SI 583 Recommender Systems
Instructor: Rahul Sami
1.5 Credit, 7-week course module
First half of Winter 2012
Tuesday, Thursday 8:30am-10:00am, 2245NQ
Office hours: Monday 4-5pm, Tuesday 3-4pm (4340NQ)
Course Learning Objectives:
In this course, you will learn about the design of recommender systems:
the underlying concepts, design space, and tradeoffs. At the end of this
course, a student should understand the design space of recommender systems and be able to provide design recommendations for a particular application domain,
as well as critique a design to point out its strengths and weaknesses.
Academic Integrity Policy
The UM and SI Academic Integrity Policy applies to this course:
Collaboration while working on homework
problems, and while discussing and interpreting the reading assignments, is
learning is effective. Collaboration will be especially valuable in summarizing the
reading materials and picking out the key concepts. You must, however, write your
homework submission on your own, in your own words, before turning it in. If you
worked with someone on the homework before writing it, you must list any and all
collaborators on your written submission.

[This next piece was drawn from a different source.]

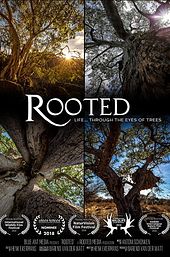 Rooted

All written submissions must be your own, original work. Original
work for narrative questions is not mere paraphrasing of someone else's completed
answer: you must not share written answers with each other at all. At most, you
should be working from notes you took while participating in a study session. Largely duplicate copies of the same assignment will receive an equal division of the total
point score from the one piece of work.
You may incorporate selected excerpts from publications by other authors, but
they must be clearly marked as quotations and must be attributed. If you build
on the ideas of prior authors, you must cite their work. You may obtain copy
editing assistance, and you may discuss your ideas with others, but all substantive writing and ideas must be your own, or be explicitly attributed to another.
Rackham Graduate policy on Academic and Professional Integrity
for the definition of plagiarism, and associated consequences.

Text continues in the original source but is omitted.